The fact that Imagination is listed in the qualifier for which phones nV wants blocked does not mean that Imagination is at fault. For example the specific point(s) on which nV wants to sue Samsung may relate to some aspect of how Samsung is integrating the Imagination cell into an Exynos, rather than the cell itself --- for example if I sued Apple based on how they packaged their TSMC part onto the iPhone PCB.
chizow - Wednesday, November 12, 2014 - linkAgain, you are failing to acknowledge the fact the IP of their suppliers is integral to the case Nvidia filed. The only reason Nvidia just went after the OEMs is because that automatically gets everyone involved into the courtroom, as both Samsung and Qualcomm are going to call on their IP vendors to provide proof the IP they are licensing is backed by their own patents. Once they have shown they can't do this and don't have the patents to back their licensed IP, Samsung can then go after them for part of the damages and licenses they will be forced to pay Nvidia by court order.
As you can see again, from the Nvidia filing:
"We are now seeking the courts’ judgment to confirm the validity, infringement and value of our patents so that we can reach agreement with Samsung and its graphics suppliers. - See more at: http://blogs.nvidia.com/blog/2014/09/04/nvidia-lau...
They are going after all of them, and as I already listed, they specifically named each graphics IP supplier.
frenchy_2001 - Wednesday, November 12, 2014 - linkyou are both right and wrong:
- there are 2 different legal actions:
* one is patent infringement in Delaware, targeting Samsung and Qualcom
* the other is with the ITC to block import of products, targeting Samsung and ALL their graphics suppliers (Qualcom for Snapdragons, ARM and PowerVR for Samsung's own chips)
So, Samsung conter-sued in Federal Court (IP problem) in Virginia.
fm123 - Wednesday, November 12, 2014 - link“method for rolling a metal strip” is listed as patent 6282938, but that is the wrong patent listed on the legal filing (embarrasing).
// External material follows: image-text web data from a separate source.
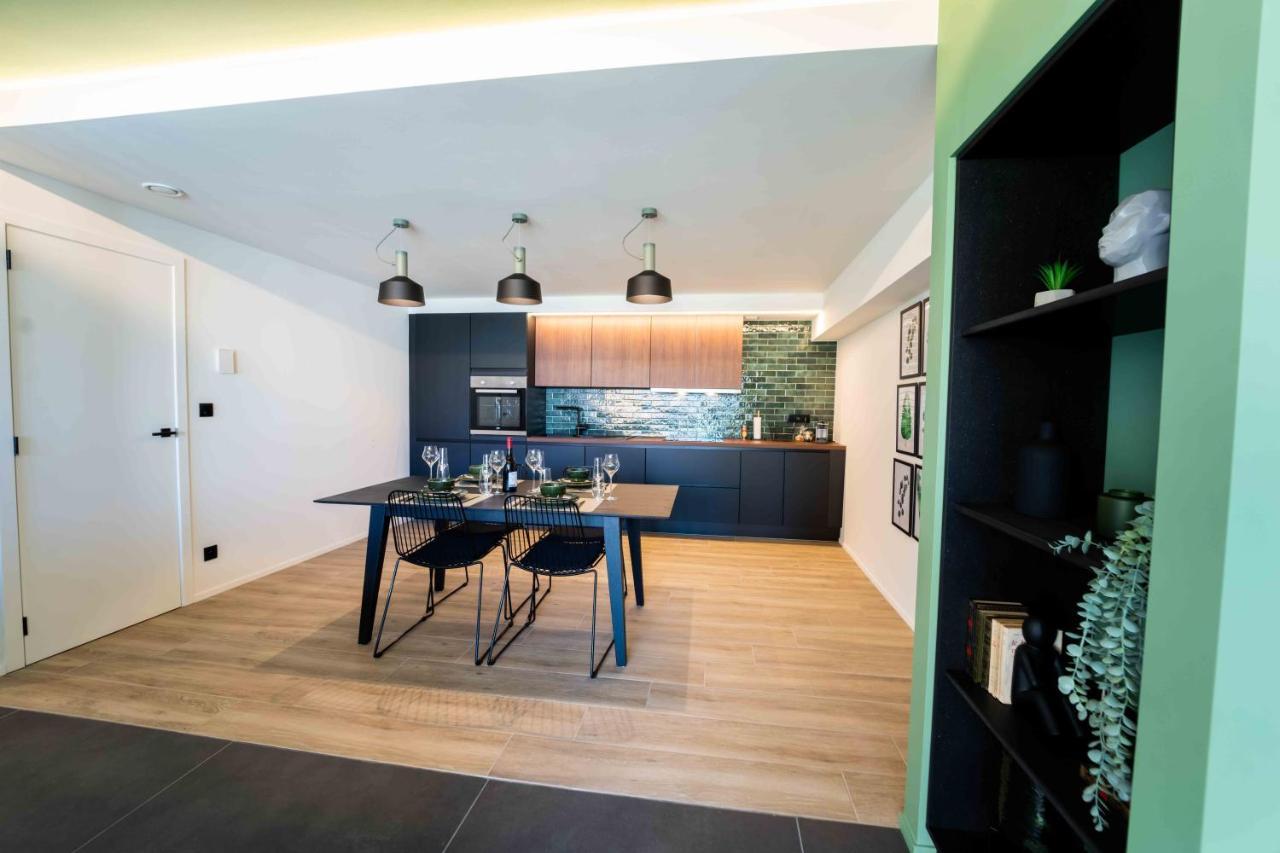 Apartment & Garden - Luxury Private Apart' Center Mons (Bergen)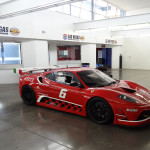 F430 GT Race Car, Ferrari in Garage, Dream Racing, Las Vegas Motor Speedway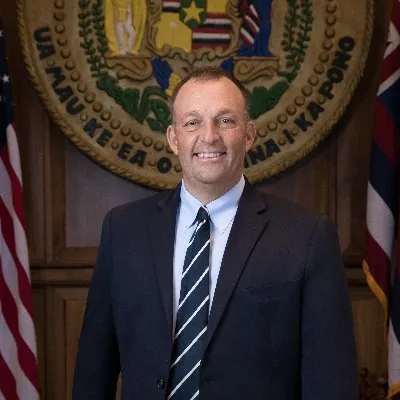 Governor Josh Green of Hawaii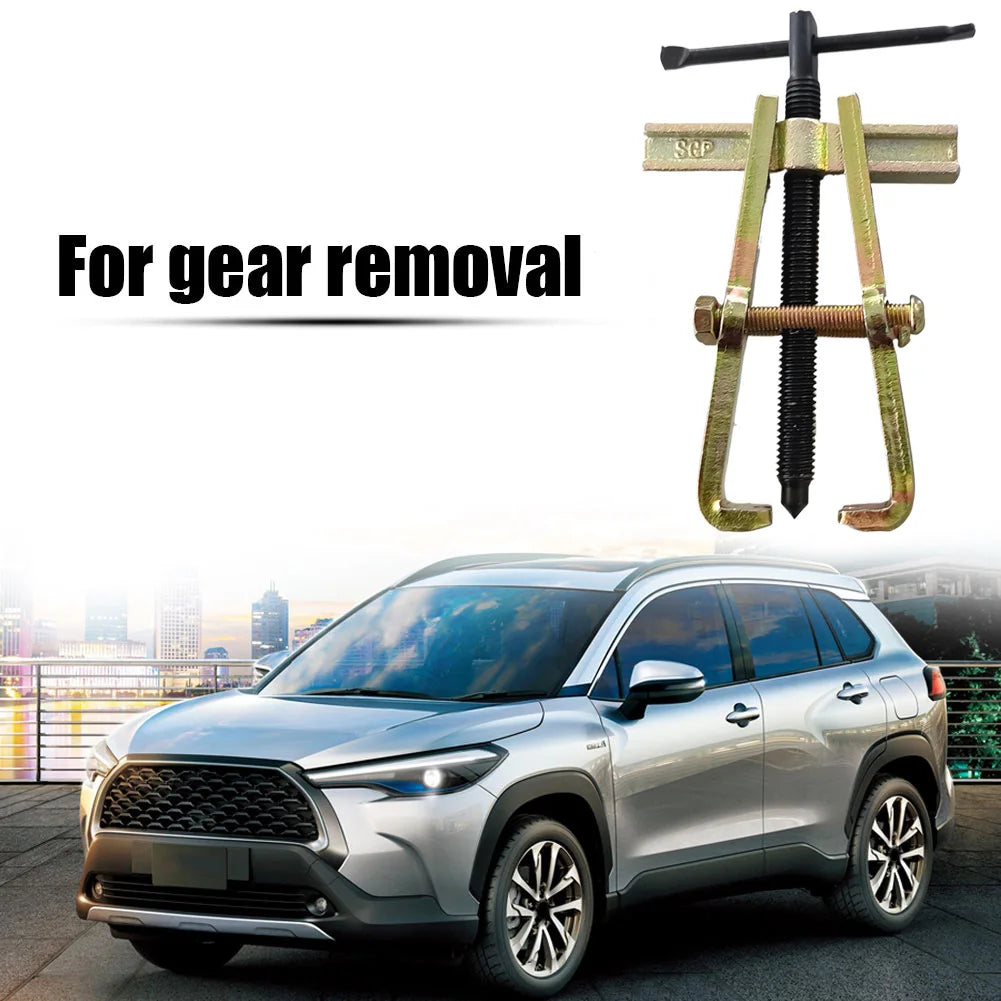 100mm 2-Jaw Gear Puller Adjustable Pilot Bearing Remover Pump Pulley Gear Removal Hand Tools Car Separation Bearing Device Tools
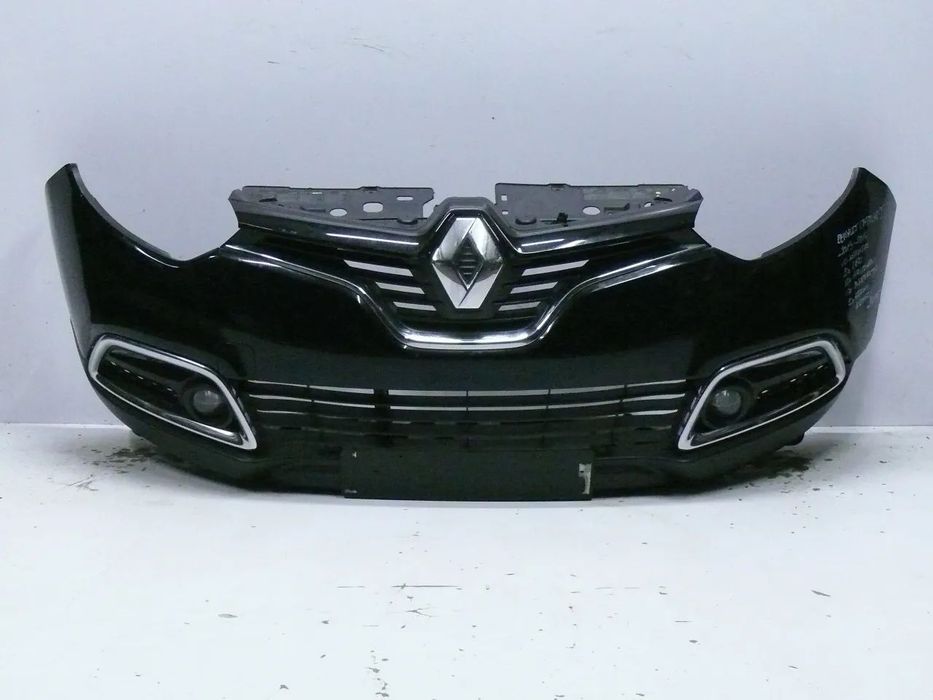 ZDERZAK PRZEDNI RENAULT CAPTUR I 2013 2016 GRILL KRATKI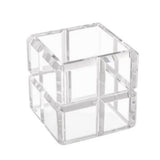 Cubo Bisotê Acrílico M - 10cm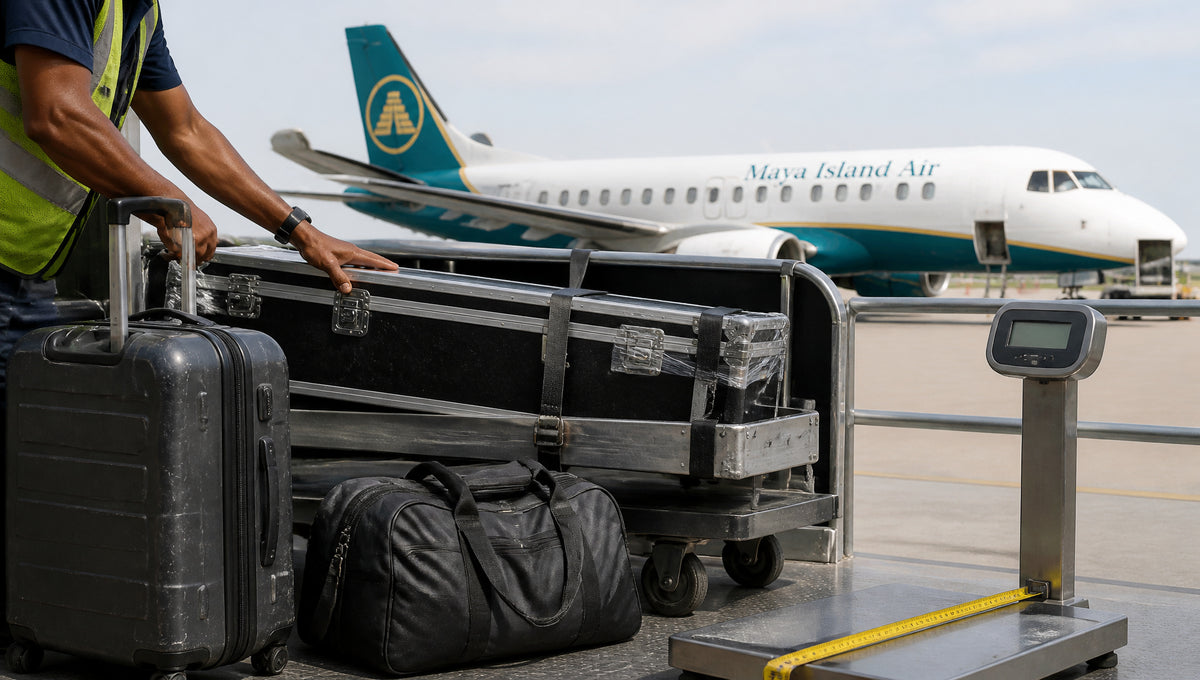 Maya Island Air Baggage Policy: Size and Fee Guide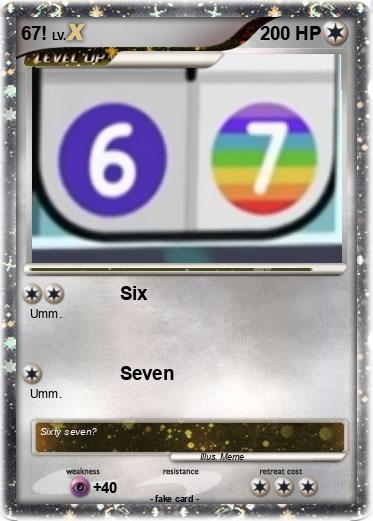 Pokemon 67!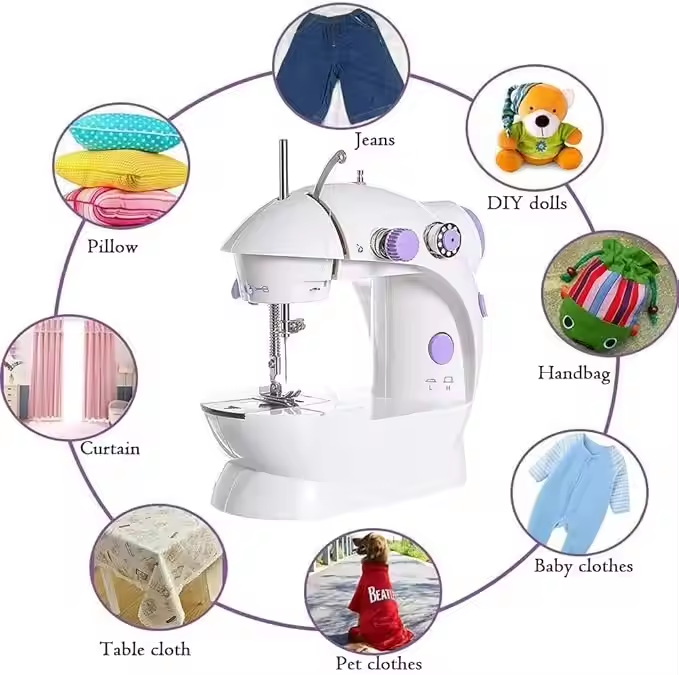 Mini macchine da cucire elettr - Sewing In Textile Industry recensione e prezzo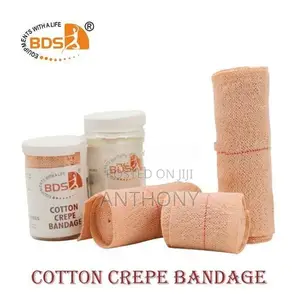 Cotton Crepe Bandage Skin Color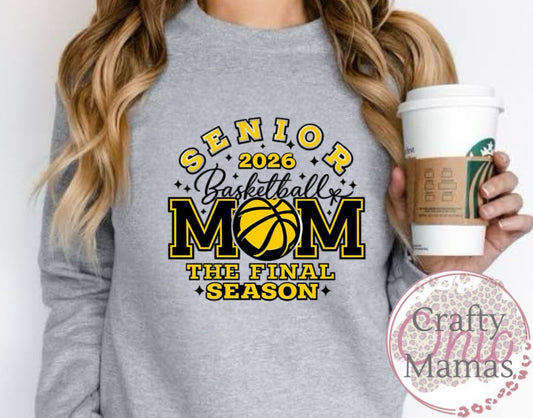 Senior Basketball MOM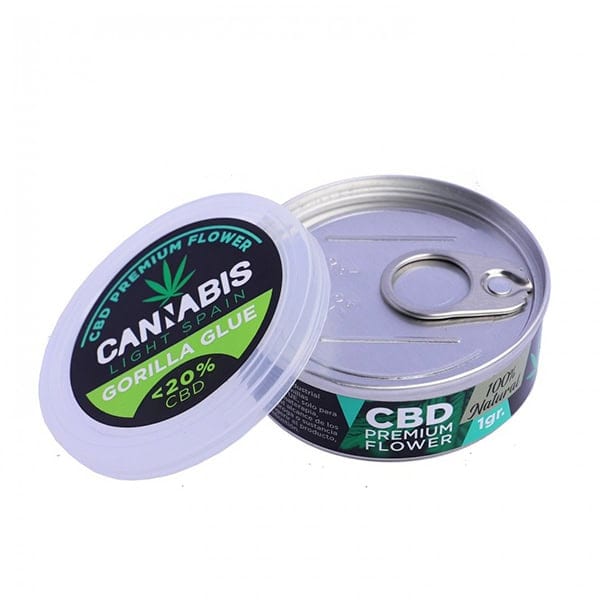 Flores de CBD Gorilla Glue de Cannabis Light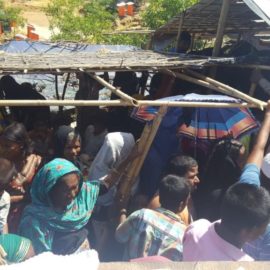 Supervision of the situation in the Rohingya refugee camps in Bangladesh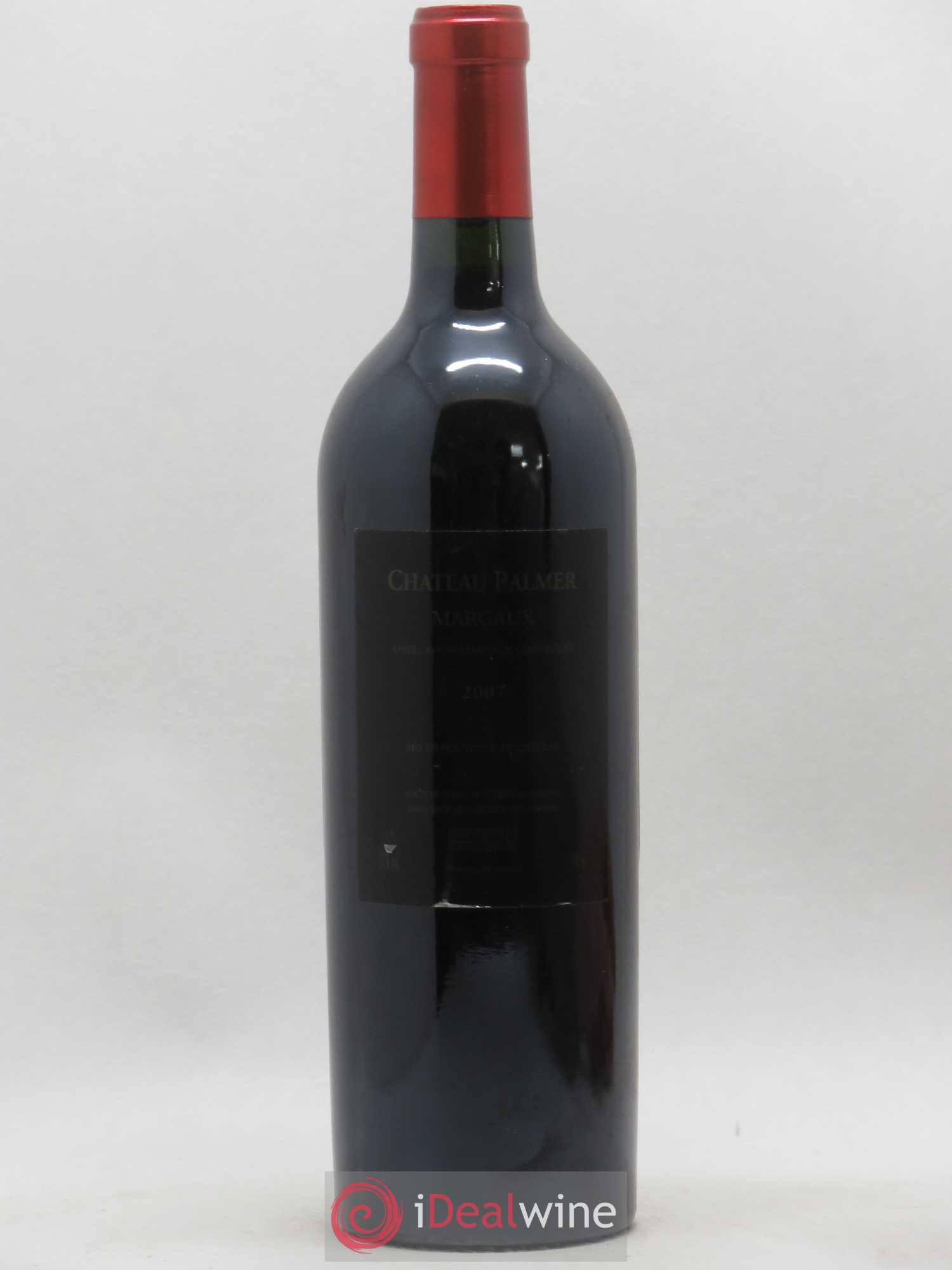 Château Palmer 3ème Grand Cru Classé 2007 - Lot de 1 bouteille - 1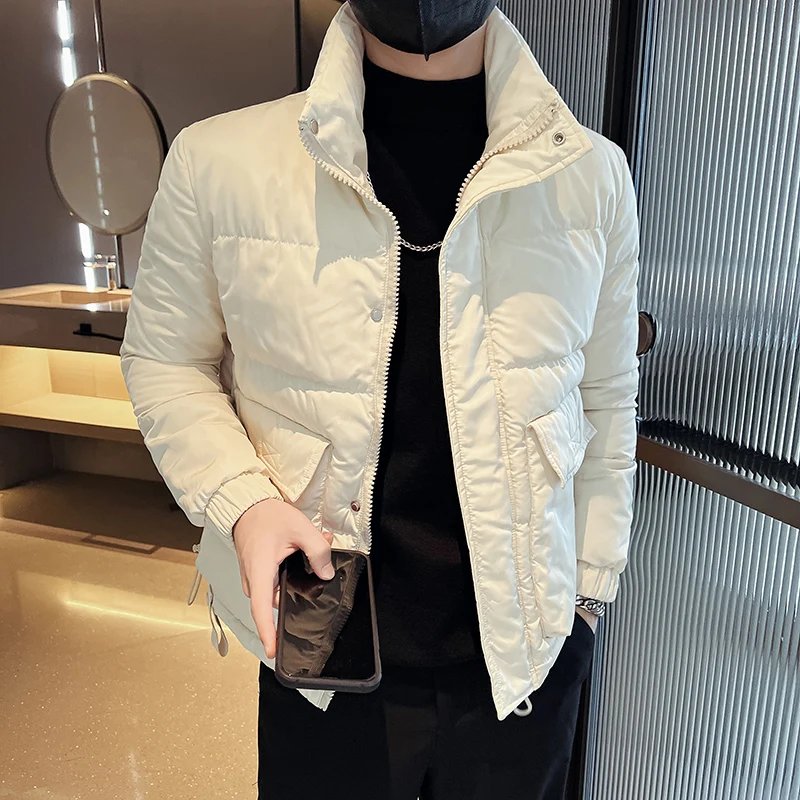 Small Size S 55 ort Stature Men's Faion Brand Cotton Jaet Winter Korean Version Trendy Cotton Coat Stand Collar
Small Size S 55 ort Stature Men's Faion Brand Cotton Jaet Winter Korean Version Trendy Cotton Coat Stand Collar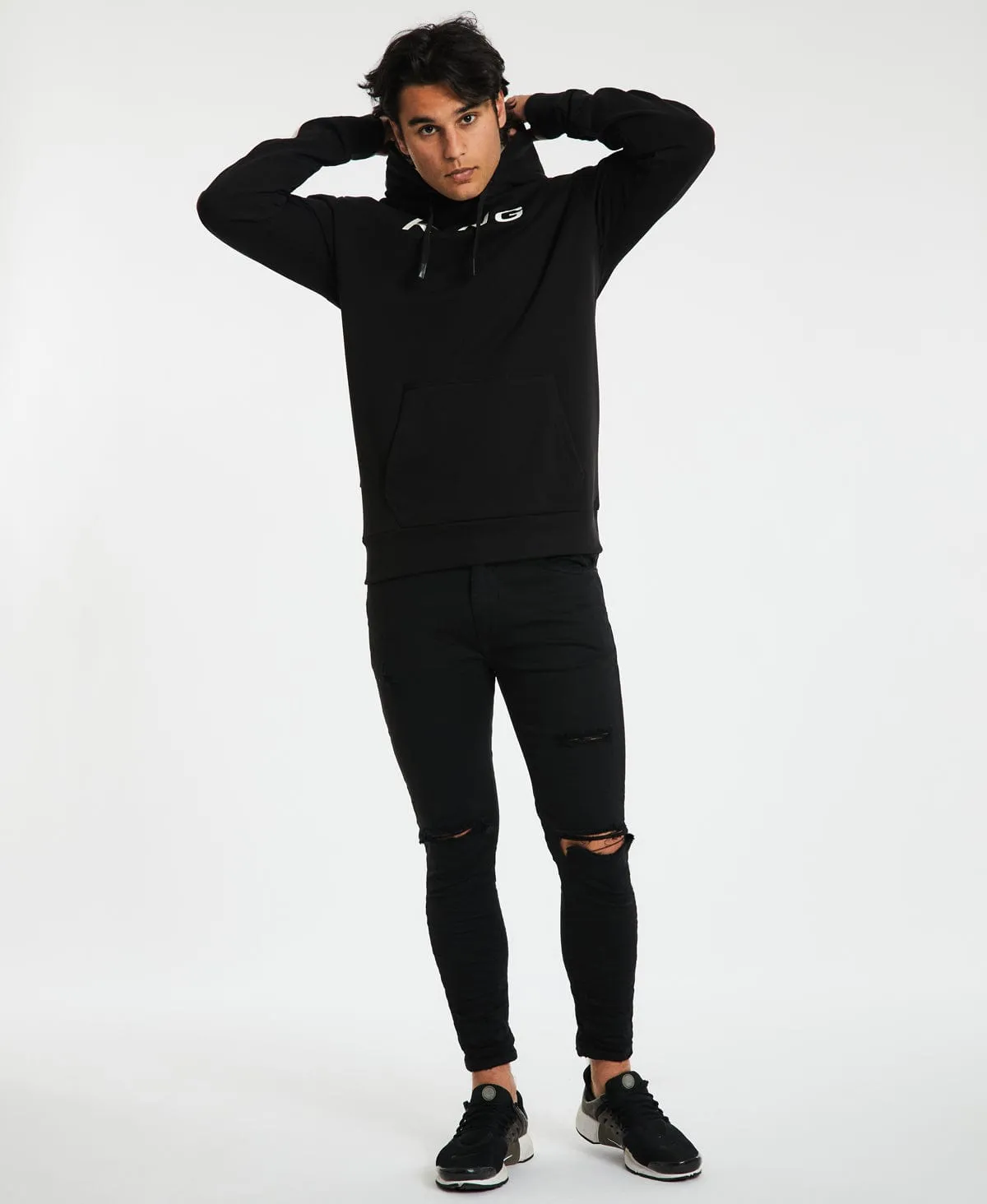 Stepney Tracksuit Hoodie Black sold by Neverland product image thumbnail 4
The correct patent is 6262938, as noted further in the filing.
yannigr2 - Wednesday, November 12, 2014 - linkThe fact that Samsung is suing Nvidia for different patents, means that they believe that Nvidia will eventually win the case for the gpu.
I see an outcome in favor of Nvidia, with both companies coming to a cross-license patent agreement and Samsung also agreeing to license Maxwell architecture, or whatever tech Nvidia is selling when they come to that agreement, over other gpu techs.
Nvidia is trying desperately for years to create a proprietary ecosystem where everyone will be paying them for their gpus and any competitor in the gpu business will have a huge disadvantage, being unable to offer proprietary technologies like GSync, PhysX, CUDA, Gameworks etc.
Nvidia was always greedy and unfortunately it seems that they are winning. We are moving to a very ugly monopoly in gpus in a few years from now.